Jeśli kwota należności nie przekracza 450 zł (lub 100 euro), to taki paragon jest fakturą uproszczoną. Jeśli natomiast należność jest wyższa, a kupujący w ciągu trzech miesięcy zażąda wymiany paragonu (ze swoim NIP), to spółka wystawia taką fakturę.

Spółka była zdania, że w żadnej z tych sytuacji nie musi uwzględniać przychodu w podstawie opodatkowania podatkiem handlowym. Uważała, że nie musi tego robić także wtedy, gdy paragon z NIP kupującego opiewa na kwotę wyższą niż 450 zł (lub 100 euro), i to niezależnie od tego, czy został on wymieniony na fakturę, czy nabywca nie zażądał takiej wymiany.

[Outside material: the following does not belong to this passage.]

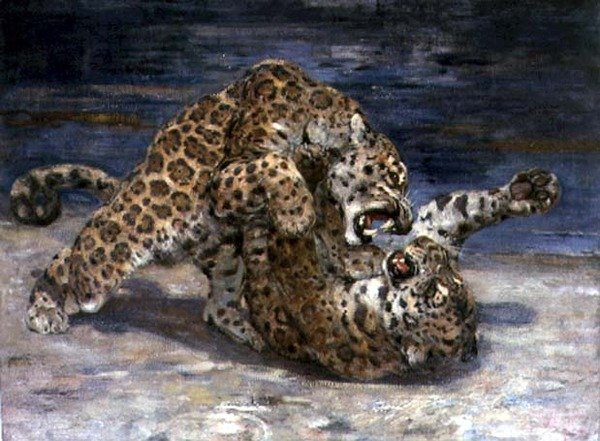 Leopards Fighting, 1910 körül (olaj, vászon) alkotó: William Walls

Zwróciła uwagę na to, że ustawa o podatku od sprzedaży detalicznej nie wymaga dokumentowania sprzedaży „niedetalicznej” fakturą, aby można było uznać, iż nabywcą był przedsiębiorca, a nie konsument. Przekonywała, że jeśli kupujący podał swój NIP i numer ten znalazł się na paragonie, to sprzedaż nie jest opodatkowana podatkiem handlowym.

Liczy się faktura

Nie do końca zgodził się z tym dyrektor KIS. Przyznał, że nie podlega podatkowi handlowemu sprzedaż dokumentowana:

  • fakturą uproszczoną, czyli paragonem z NIP kupującego dokumentującym sprzedaż o wartości nieprzekraczającej 450 zł (albo 100 euro),
  • paragonem z NIP kupującego na kwotę powyżej 450 zł (lub 100 euro), jeżeli paragon ten został wymieniony na fakturę.

Co innego jednak, jeśli spółka wystawi paragon z NIP na kwotę powyżej 450 zł (lub 100 euro) i nie zostanie on wymieniony na fakturę.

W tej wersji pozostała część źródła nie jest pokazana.